2015年9月、政府はアベノミクスの第2ステージとして「一億総活躍社会」を打ち出しました。その中では「子育て支援を強化し、出生率を回復」「介護離職ゼロ」などの目標が掲げられています。

これを実現するためには、働き方を根本的に見直す必要があります。

そのため政府では、2016年8月に「働き方改革担当大臣」を設置。9月には「働き方改革実現会議」が、安倍総理を座長として始動したほか、「働き方改革特命委員会」が設けられました。2017年3月には、働き方改革実現会議の結論を出す方向で議論が進められています。このように、政府は「長時間労働の是正」に本腰を入れ始めているのです。

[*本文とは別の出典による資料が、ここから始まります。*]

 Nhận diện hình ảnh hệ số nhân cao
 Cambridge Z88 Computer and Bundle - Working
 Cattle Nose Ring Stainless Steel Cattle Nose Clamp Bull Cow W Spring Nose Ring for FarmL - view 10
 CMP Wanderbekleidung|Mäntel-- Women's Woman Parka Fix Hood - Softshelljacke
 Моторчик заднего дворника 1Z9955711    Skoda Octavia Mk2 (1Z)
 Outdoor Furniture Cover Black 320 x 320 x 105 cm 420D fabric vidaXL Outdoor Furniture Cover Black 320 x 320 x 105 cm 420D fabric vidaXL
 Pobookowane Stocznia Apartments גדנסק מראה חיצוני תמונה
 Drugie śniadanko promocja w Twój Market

「働き方改革は、とにかく急いで実現しなければならない。少子化に歯止めをかける効果を期待するなら、これから2~4年がタイムリミット」

――こう話すのは、長年にわたって長時間労働削減に取り組み、900社以上へのコンサルティングを手がけてきた株式会社ワーク・ライフバランス社長、小室淑恵さん。

「女性の出生率を年齢別にみると、44歳でほぼゼロに近くなります。第2次ベビーブームで誕生した『団塊ジュニア』の女性のうち、一番若い人は42歳(1974年生まれ)、もう少し幅広く捉えると40歳(1976年生まれ)。つまり、人口が多い団塊ジュニア世代の女性の出生率がほぼゼロになるまであと2~4年。その期間を過ぎた後で出産しやすい労働環境を整備しても、そのときには子供を産める母体数は激減してしまうのです」

小室さんが安倍総理と面会した際には、このデータに対し、「もっと早くやっておかなくてはならない問題だった」と、重く受け止めるコメントが聞かれたといいます。

なお、出生率を上げるためには、女性が育児と仕事を両立しやすい制度や環境さえ整えればいいというわけではないと、小室さんは言います。

「厚生労働省の調査によると、夫が休日に家事・育児に費やす時間の長さと、第2子以降の出生の有無は比例しているんです。つまり、1人目が生まれた後、夫が家事・育児に参画していないと第2子が産まれていないという現実があります。育児に関わりたくても、残業や休日出勤などでままならない男性は多い。つまり、男性の働き方改革こそが、真の少子化対策につながるともいえます」

「介護離職」をなくすためにも、労働時間削減は必須課題

日本の社会にとって、少子化と並ぶ大きな課題が「要介護者の増加」です。

厚生労働省の国民生活基礎調査によると、介護を必要とする高齢者の数は、60代後半から70代前半で跳ね上がるというデータがあります。人口の多い団塊世代は2017年に70代に突入。ここから要介護者が急増していくことが予測できます。

「介護のために離職する人は年間10万人を超えていますが、まだ嵐の前の静けさ。特別養護老人ホームの待機人数は52万人、介護は重篤化してから平均10年に及ぶことを踏まえると、離職して介護に専念するのは現実的ではありません。企業側にしても、組織の中核を担う40~50代の人材を、介護を理由に離職させるのは大きな損失。この世代の戦力を活かすという点でも、仕事とプライベートを両立できるような働き方改革が急務となっているのです」(小室さん)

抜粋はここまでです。